__Work required__: Reproduce the listing below from the line with "MORI Reindeer Jogger" to the line with "rivmount Kids Warm", both lines included, character for character, minus any pictures.

===== Source information

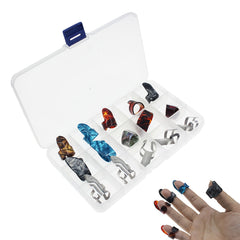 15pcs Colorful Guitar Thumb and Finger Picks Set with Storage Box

==========
===== Source information

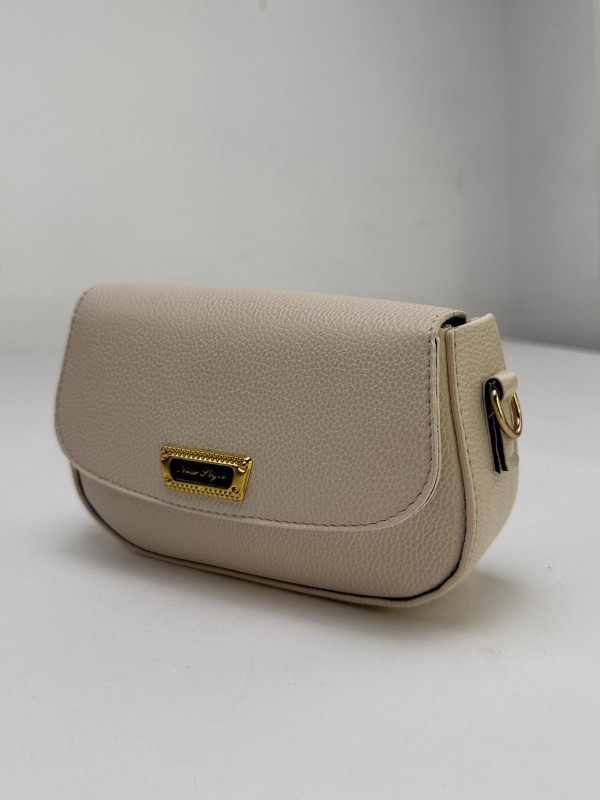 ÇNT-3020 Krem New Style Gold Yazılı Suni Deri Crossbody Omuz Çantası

==========
===== Source information

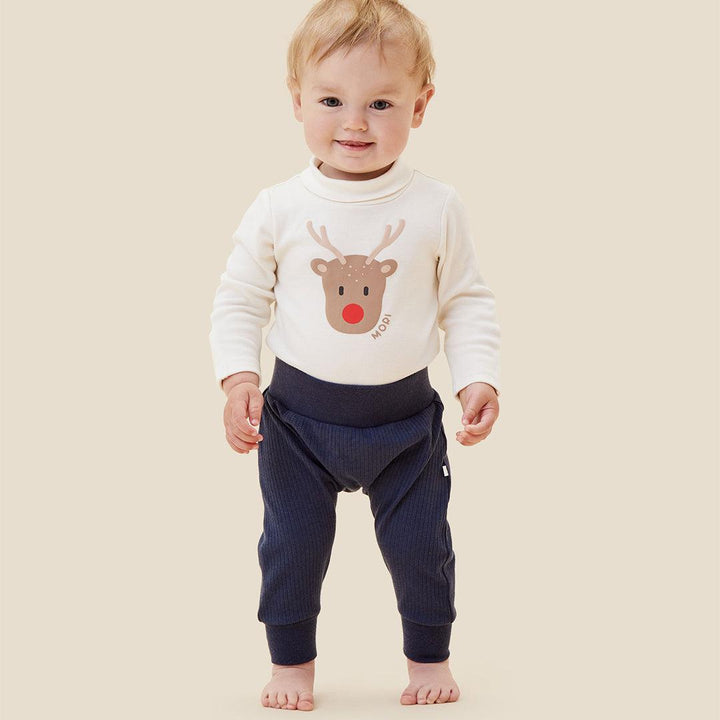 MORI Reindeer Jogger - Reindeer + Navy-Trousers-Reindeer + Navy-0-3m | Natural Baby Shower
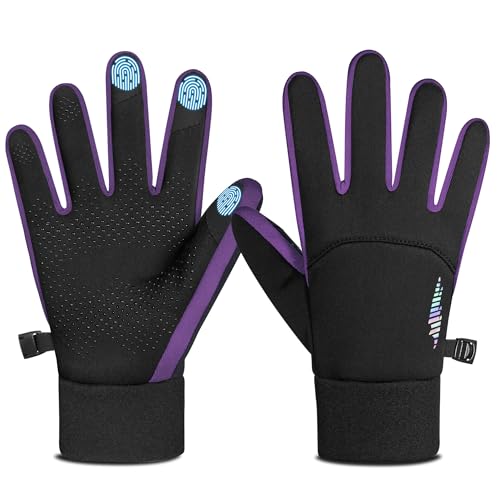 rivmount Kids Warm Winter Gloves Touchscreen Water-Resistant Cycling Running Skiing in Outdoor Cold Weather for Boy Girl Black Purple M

==========

__Task output__:
 MORI Reindeer Jogger - Reindeer + Navy-Trousers-Reindeer + Navy-0-3m | Natural Baby Shower
 rivmount Kids Warm Winter Gloves Touchscreen Water-Resistant Cycling Running Skiing in Outdoor Cold Weather for Boy Girl Black Purple M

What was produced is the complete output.